In the embodiment of the present application, the first feature information may be converted into the first feature vector by using an Embedding manner, and the second feature information may be converted into the second feature vector. The first feature information comprises basic features of the user, such as sex, age, resident province, current number attribution and the like, and also comprises behavior preference features, such as product browsing history of the user in the last week, product purchasing history of the target platform in the last week and the like. The feature information of the value class and the feature information of the attribute class are included regardless of the user feature or the product feature. In the features of the user and the product, one feature may contain a plurality of values, for example, the price of the product is different at different times, and the age of a person also increases with time, so that vector conversion cannot be directly performed by using Embedding _ lookup, and the Embedding _ lookup only accepts one-hot encoding with only one numerical value, so that the first feature information and the second feature information need to be discretized first to be converted into multi-hot encoding (multi-hot), and then are embedded into the first feature vector and the second feature vector through Embedding.
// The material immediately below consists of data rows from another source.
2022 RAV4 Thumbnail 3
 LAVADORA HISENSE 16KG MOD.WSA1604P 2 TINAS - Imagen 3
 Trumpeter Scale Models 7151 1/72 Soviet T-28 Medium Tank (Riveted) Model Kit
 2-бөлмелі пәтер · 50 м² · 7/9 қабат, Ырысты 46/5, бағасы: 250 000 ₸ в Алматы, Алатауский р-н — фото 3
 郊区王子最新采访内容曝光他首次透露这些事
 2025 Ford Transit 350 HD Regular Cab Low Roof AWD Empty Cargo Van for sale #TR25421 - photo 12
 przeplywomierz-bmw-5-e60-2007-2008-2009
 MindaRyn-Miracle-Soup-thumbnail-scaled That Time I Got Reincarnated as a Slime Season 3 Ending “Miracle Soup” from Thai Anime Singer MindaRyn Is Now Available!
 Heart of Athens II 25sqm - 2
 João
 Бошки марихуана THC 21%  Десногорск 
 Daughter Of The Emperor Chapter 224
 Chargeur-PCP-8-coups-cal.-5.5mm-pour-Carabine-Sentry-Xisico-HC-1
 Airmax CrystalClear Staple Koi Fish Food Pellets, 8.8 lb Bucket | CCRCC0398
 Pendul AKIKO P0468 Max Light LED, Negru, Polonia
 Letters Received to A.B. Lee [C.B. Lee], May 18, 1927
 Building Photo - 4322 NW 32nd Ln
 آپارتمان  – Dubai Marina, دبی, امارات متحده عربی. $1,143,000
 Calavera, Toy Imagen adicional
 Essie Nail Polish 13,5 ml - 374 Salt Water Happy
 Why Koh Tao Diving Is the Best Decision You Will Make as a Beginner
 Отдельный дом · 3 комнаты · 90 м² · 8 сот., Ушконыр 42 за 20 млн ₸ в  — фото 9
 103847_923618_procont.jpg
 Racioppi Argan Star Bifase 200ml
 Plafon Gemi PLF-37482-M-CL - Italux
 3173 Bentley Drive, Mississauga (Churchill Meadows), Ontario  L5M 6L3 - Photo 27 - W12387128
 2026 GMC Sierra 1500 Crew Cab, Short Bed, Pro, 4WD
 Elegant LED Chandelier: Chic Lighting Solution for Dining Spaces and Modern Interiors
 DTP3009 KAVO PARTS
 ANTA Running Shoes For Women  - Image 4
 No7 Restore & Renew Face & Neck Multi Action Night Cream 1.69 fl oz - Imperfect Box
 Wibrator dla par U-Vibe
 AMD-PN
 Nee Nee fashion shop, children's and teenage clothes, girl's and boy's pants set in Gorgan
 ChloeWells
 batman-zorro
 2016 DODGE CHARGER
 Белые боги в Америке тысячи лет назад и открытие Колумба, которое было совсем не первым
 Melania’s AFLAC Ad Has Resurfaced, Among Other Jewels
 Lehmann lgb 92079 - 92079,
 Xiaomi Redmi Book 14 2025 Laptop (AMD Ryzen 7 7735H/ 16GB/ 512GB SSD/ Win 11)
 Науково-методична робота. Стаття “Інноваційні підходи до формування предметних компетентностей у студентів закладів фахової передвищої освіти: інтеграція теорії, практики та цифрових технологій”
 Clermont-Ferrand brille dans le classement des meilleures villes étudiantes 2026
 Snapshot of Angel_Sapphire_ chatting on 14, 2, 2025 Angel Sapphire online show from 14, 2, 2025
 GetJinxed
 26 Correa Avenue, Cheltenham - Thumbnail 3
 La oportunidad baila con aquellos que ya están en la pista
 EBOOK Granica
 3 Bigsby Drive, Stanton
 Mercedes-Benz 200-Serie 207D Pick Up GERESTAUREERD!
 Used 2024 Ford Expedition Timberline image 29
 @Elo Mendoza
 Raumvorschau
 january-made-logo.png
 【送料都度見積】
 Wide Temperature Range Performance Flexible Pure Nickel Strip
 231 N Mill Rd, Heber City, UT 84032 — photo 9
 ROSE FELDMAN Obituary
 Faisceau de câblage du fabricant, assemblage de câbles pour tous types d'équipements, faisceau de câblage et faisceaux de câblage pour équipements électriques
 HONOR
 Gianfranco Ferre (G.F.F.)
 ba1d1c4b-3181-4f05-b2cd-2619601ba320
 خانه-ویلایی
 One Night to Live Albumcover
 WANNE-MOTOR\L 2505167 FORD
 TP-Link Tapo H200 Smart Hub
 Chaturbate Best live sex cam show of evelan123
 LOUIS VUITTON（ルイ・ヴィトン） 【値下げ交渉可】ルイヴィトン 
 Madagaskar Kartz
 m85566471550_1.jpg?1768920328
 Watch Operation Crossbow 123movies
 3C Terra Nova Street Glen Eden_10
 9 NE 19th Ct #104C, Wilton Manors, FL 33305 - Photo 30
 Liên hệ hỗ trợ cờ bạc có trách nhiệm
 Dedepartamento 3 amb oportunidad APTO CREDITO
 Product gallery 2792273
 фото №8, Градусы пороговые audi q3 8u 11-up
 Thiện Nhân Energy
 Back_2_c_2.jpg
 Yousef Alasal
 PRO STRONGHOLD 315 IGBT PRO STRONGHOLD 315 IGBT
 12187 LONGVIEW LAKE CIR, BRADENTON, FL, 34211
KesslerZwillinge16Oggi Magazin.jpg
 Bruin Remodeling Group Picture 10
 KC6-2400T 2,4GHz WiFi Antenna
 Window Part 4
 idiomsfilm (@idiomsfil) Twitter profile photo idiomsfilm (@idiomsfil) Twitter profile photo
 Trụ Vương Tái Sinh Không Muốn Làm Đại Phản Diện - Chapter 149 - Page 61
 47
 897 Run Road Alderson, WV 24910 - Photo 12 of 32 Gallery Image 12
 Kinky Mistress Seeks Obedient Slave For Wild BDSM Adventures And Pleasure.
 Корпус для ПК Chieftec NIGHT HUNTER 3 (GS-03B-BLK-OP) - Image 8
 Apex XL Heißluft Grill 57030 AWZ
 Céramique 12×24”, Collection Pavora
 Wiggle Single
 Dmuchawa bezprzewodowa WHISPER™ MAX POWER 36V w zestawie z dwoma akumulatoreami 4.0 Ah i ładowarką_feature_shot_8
Optionally, converting the first feature information into a first feature vector, and converting the second feature information into a second feature vector includes:

determining the data type of the first characteristic information and the second characteristic information;

under the condition that the data type is an attribute type, discretizing the first characteristic information to obtain a first multi-hot code; inputting the first multi-hot code into the embedding layer, and acquiring a first feature vector obtained by vectorizing the first multi-hot code by the embedding layer; discretizing the second characteristic information to obtain a second multi-hot code; inputting the second multi-hot code into the embedding layer, and acquiring a second feature vector obtained by vectorizing the second multi-hot code by the embedding layer;

under the condition that the data type is a numerical type, acquiring an initial feedback data set, wherein the initial feedback data set is behavior data generated when a user logs in a target platform for the first time; dividing the initial feedback data set into a plurality of sub data sets, and classifying the first characteristic information into each sub data set; discretizing each subdata set to obtain a third multi-hot code; inputting the third multi-hot code into the embedding layer, and acquiring a first characteristic vector obtained by vectorizing the third multi-hot code by the embedding layer, wherein the vector length of the first characteristic vector is matched with the number of the sub data sets; dividing the initial feedback data set into a plurality of sub data sets, and classifying the second characteristic information into each sub data set; discretizing each subdata set to obtain a fourth multi-hot code; inputting the fourth multi-hot code into the embedding layer, obtaining a second feature vector obtained by vectorizing the fourth multi-hot code by the embedding layer, wherein the vector length of the second feature vector is matched with the number of the sub data sets, for example, the vector length is consistent with the number of the sub data sets and is divided into 10 buckets, and then, a vector with the length of 10 is adopted to record the feature.

In the embodiment of the application, discretization processing can be performed on the feature information, the first feature information and the second feature information both contain attribute feature information and numerical continuous features, and different discrete modes of the feature information are different.

For attribute type features, such as gender, resident province, product classification label, product type and the like of a user, discretization processing can be directly carried out on the attributes, namely discretization is carried out on first feature information to obtain first multi-hot codes, and discretization is carried out on second feature information to obtain second multi-hot codes. And inputting the first multi-hot code into the Embedding layer, acquiring a first characteristic vector by adopting Embedding, inputting the second multi-hot code into the Embedding layer, and acquiring a second characteristic vector by adopting Embedding.

For numerical continuous features, such as the age of a user, the number of browses for each product, the number of clicks of a product in a last week, and the like, the cold start sample (i.e., the initial feedback data set) can be fished and divided into a plurality of sub data sets, i.e., sub-buckets. Classifying the first characteristic information into each subdata set, and classifying the first characteristic information into each subdata set averagely or randomly; discretizing each subdata set to obtain a third multi-hot code; dividing the initial feedback data set into a plurality of sub data sets, preferably, adopting equal frequency buckets, classifying the second characteristic information into the sub data sets, preferably, averagely classifying the second characteristic information into the sub data sets; and discretizing each subdata set to obtain a fourth multi-hot code so as to enhance the statistical significance of the characteristics and avoid the defect of great/minimum value sensitivity caused by equidistant sub-bucket.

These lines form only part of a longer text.